# Why do non-linear activation functions not require a specific non-linear relation between its inputs and outputs?

A linear activation function (or none at all) should only be used when the relation between input and output is linear. Why doesn't the same rule apply for other activation functions? For example, why doesn't sigmoid only work when the relation between input and output is "of sigmoid shape"?

• It should, but the chance of data being related by sigmoid is thin. Also, sigmoid function doesn't map data to the an 's' shape- it squeezes data between 0 and 1. – Daniel Aug 24 '18 at 23:50

It is correct to say that a sigmoid activation function would only work well as a model if the desired output is close to the sigmoid function applied to the input. This is a trivial fact that applies to a single layer perceptron. This is true for for the single layer case for any activation function, also a trivial fact.

When the layer number is between one and infinity (two or more), the theory bifurcates. The identity function becomes a special case: Any number of layers that conform to a first degree polynomial, $$ax + b$$, can be replaced with a single identity layers. The alternative case, where there are multiple layers that functionally do not conform to a first degree polynomial, $$ax + b$$, cannot be replaced by a single layer of some equally simple function. The complexity increases geometrically, which is the entire point of multilayer perceptrons.

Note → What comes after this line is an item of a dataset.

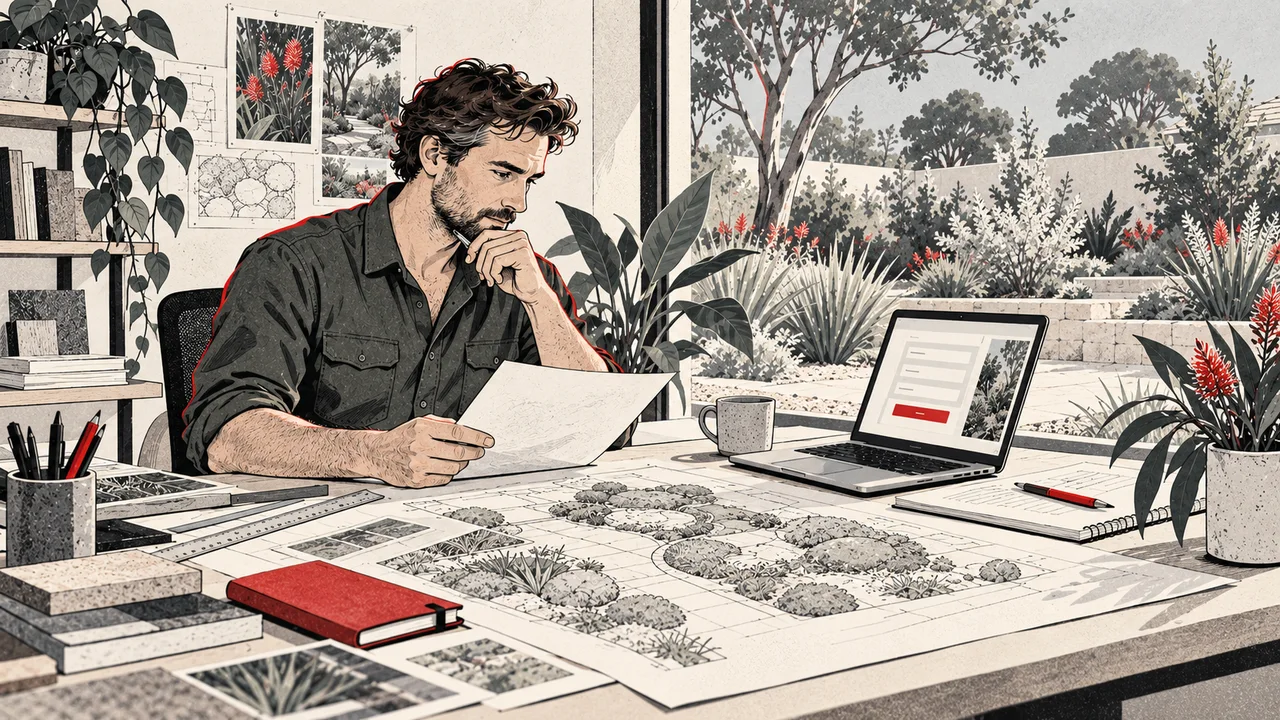 An illustrated landscaping business owner reviews a project brief beside a laptop and garden plan in a bright studio.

Under particular constraints, the multilayer perceptron can produce a wide variety of functional behaviors that do not resemble the activation functions of the layers.

For instance, a properly trained network using sigmoid activation functions, with sufficient layer depth and sufficient massive allocation of computing resources, could theoretically approximate the topography of the Himalayas.

Because any number of linear layers can be represented by a single linear layer:

$$A_2*(A_1*x +b_1)+B_2 = A_2*A_1*x+ A2*b_1+b_2$$

The same is not true if you have non-linear functions.